Last night’s lesson at FORUM INTERAKTIV (I love that name) was a pretty interesting one. I couldn’t help but think of Harry Chapin’s song “Cat’s In The Cradle” as we discussed David’s great failures as a parent.
We explored the idea that David may have been paralyzed by his own guilt and shame, not able to ever get beyond his infidelity with Bathsheba and the murder of Uriah, her husband.
For whatever reason, we know from 1 Kings 1:6 as well as the entire story of his latter years, that David did not discipline his children appropriately. His son Solomon, learned, like many of us do, how not to do things.
It was he who penned: “He who withholds his rod hates his son, But he who loves him disciplines him diligently.”– Proverbs 13:24. Jesus said in Revelation 3:19: “‘Those whom I love, I reprove and discipline” -it’s repeated, so it’s a lesson that is obviously important for us to learn.
At any rate, David raised (using the term lightly) a rapist, murderer, and a bunch of self centered and rebellious kids. There is one exchange between David and his son Absalom that I want to highlight that speaks volumes about how this can happen.
Absalom came to the king and said, “Behold now, your servant has sheepshearers; please let the king and his servants go with your servant.” But the king said to Absalom, “No, my son, we should not all go, for we will be burdensome to you.” Although he urged him, he would not go, but blessed him. –2 Samuel 13:24,25
Absalom was, at this point, festering with bitterness for two years over the rape of his sister. David had an opportunity to spend some time with his son. But he had excuses why that wouldn’t work. Absalom urged him to no avail. Chapin’s song says: “Can you teach me to throw”, I said “Not today I got a lot to do”, he said, “That’s ok”.
Dads, what do you have to do that is more important than investing time with your children?
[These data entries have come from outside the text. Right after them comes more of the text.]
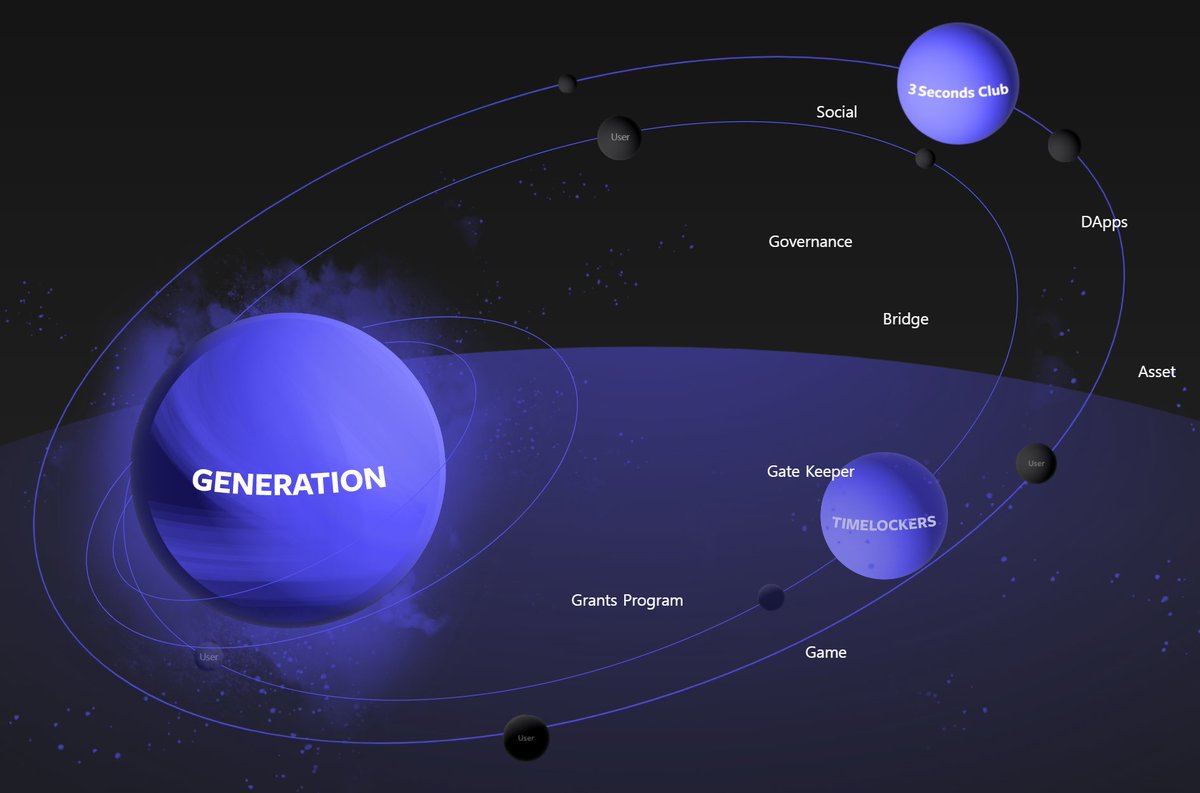 GenerationFDN's tweet photo. #GEN Protocol Mainnet is a solution that helps the practical use of blockchain technology through short block #generation time and the edge nodes. https://t.co/lmUEA3ylTm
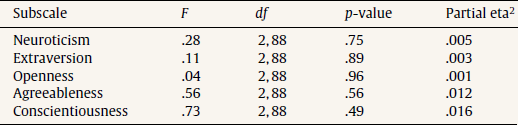 Differences between Scores in the Faked Condition as a Function of Administration Mode.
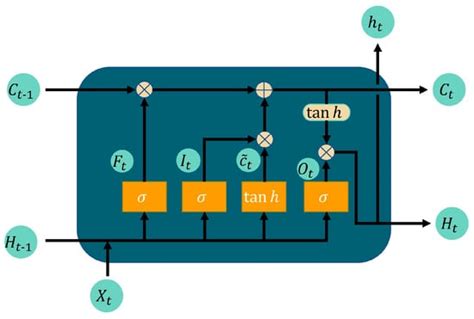 Inspection Robot Navigation Based on Improved TD3 Algorithm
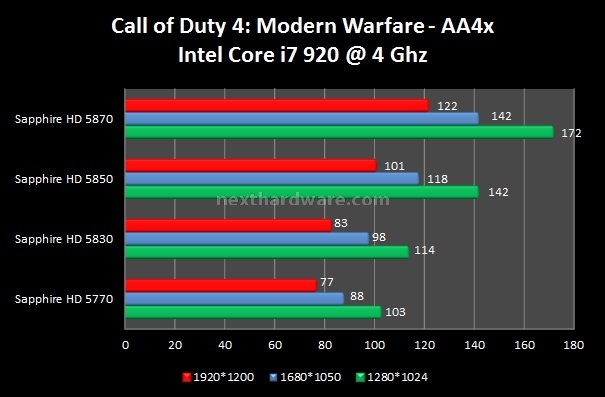 Sapphire Radeon HD 5830 4. Call of Duty 4 - FEAR - The Last Remnant 1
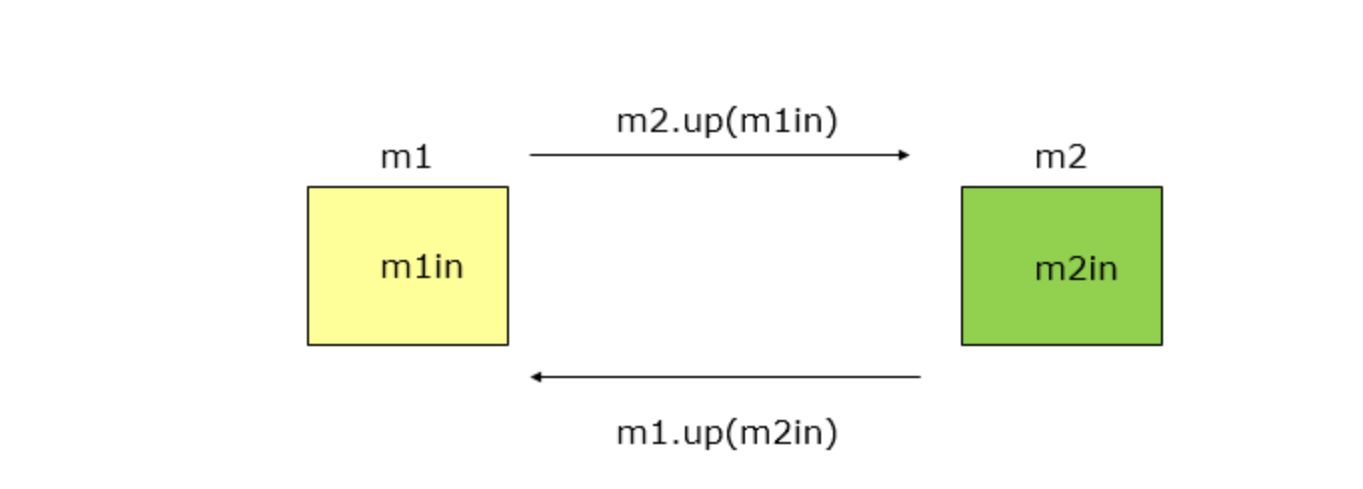 https://blog.meowrain.cn/api/i/2024/05/19/u7w8wz-3.webp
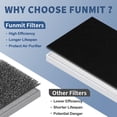 thumbnail image 3 of Filtro de repuesto Funmit C545 True HEPA para Winix C545, 3 of 9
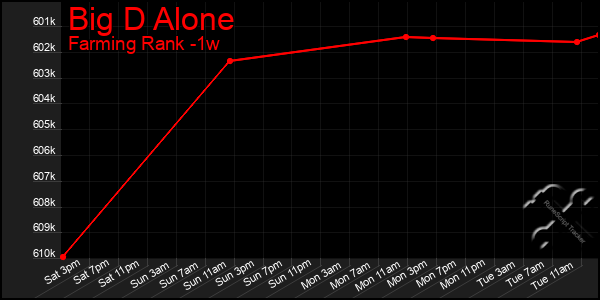 Last 7 Days Graph of Big D Alone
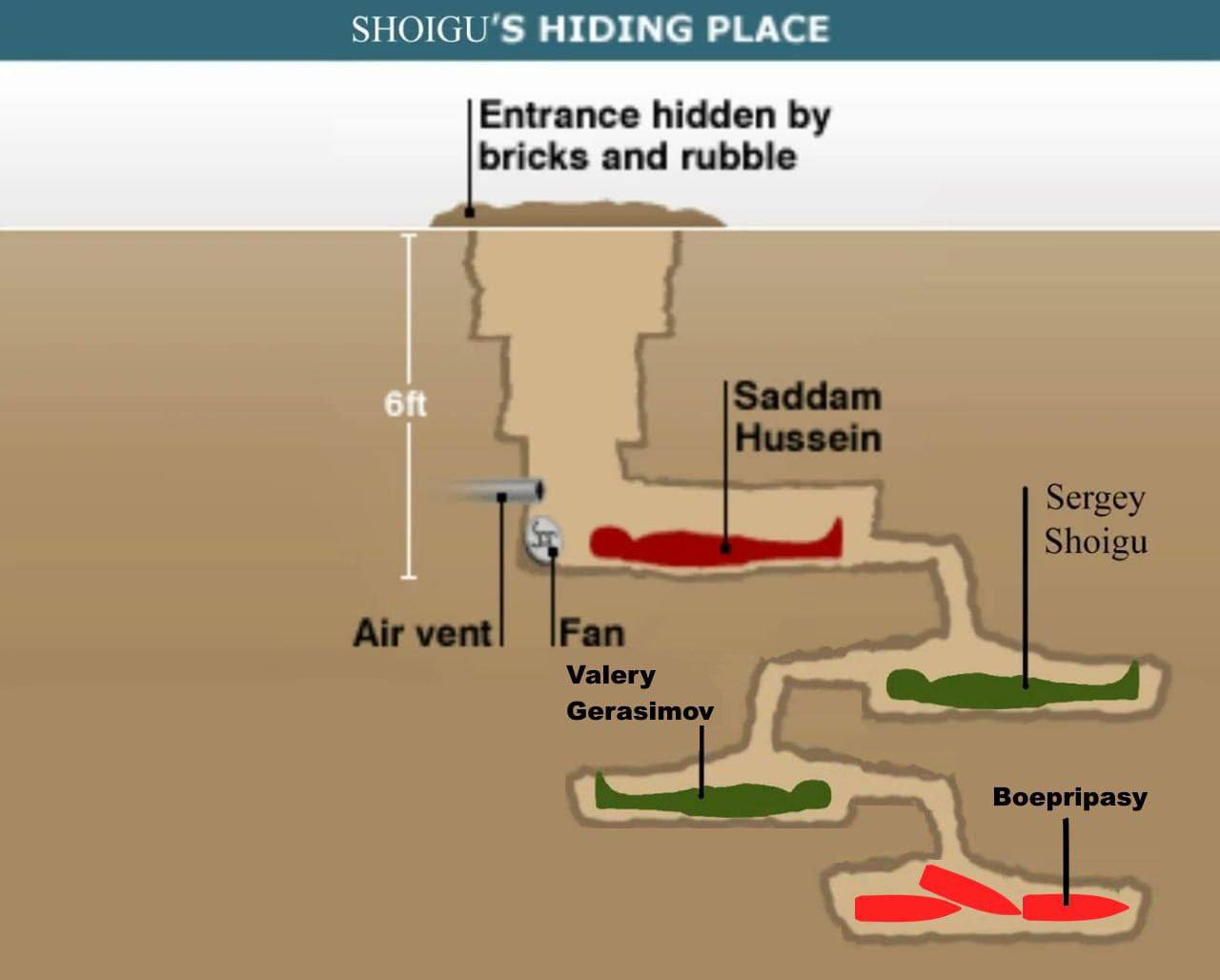 SHOIGU'S HIDING PLACE trance hidden bricks and rubble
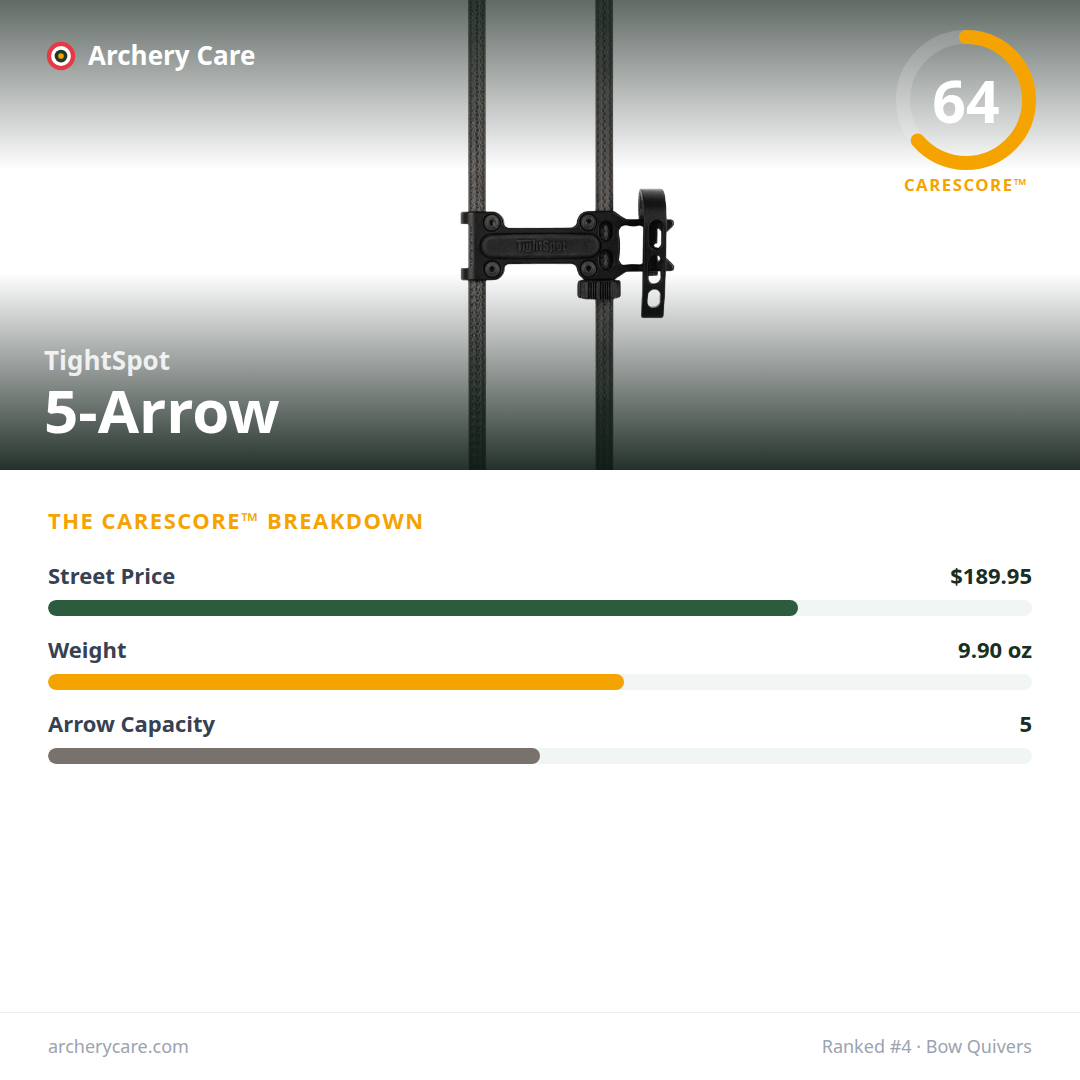 TightSpot 5-Arrow — CareScore spec card, 64/100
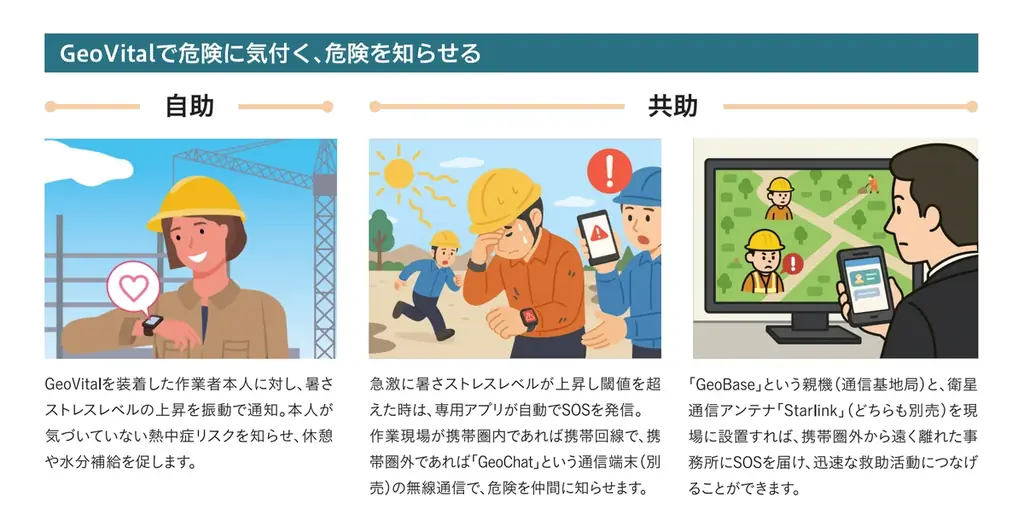 猛暑下の林業現場に“仕組みで守る熱中症対策”を。GeoVitalが農林中金助成事業対象品に採択、助成活用で導入しやすく 画像 2
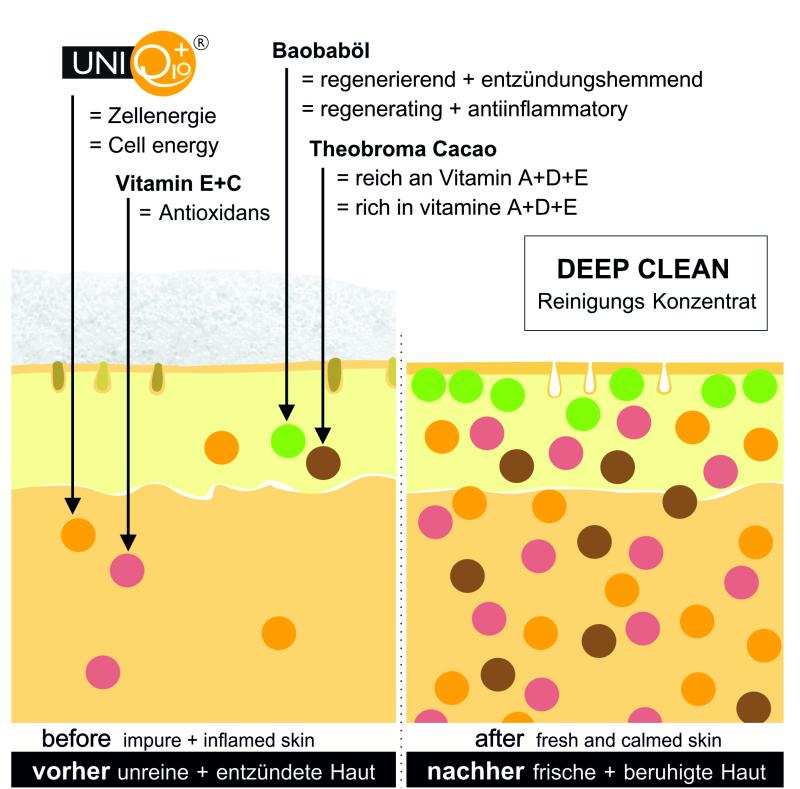 UNIQ10UE Deep Clean Wirkstoffe und Hautbild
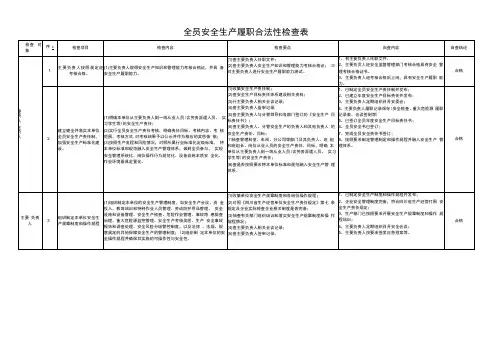 全员安全生产履职合法性检查表(1)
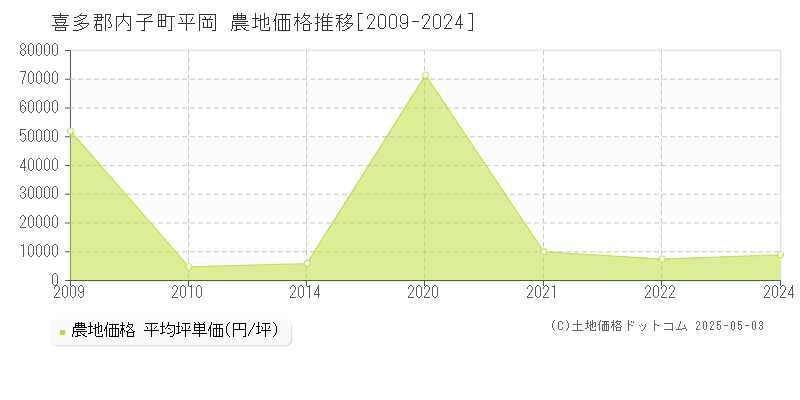 喜多郡内子町平岡の農地価格推移グラフ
David put off his son because it would have been a hassle. Absalom ended up having his brother murdered at this event. I wonder how things would have gone if David had spent time with his son, to have known what was in his heart to do. They ended up estranged for the rest of their lives because David, though he longed to have a relationship with him, was never willing to do what it took to make that happen. Absalom, in turn, died an untimely and tragic death, adding to the shame that was the hallmark of David’s failed fatherhood.
There are many, many, lessons here, as far as David’s failures go, I just wanted to highlight this one.
Parents, make time for your children, and don’t let your own failures trap you in shame, use them as lessons for others.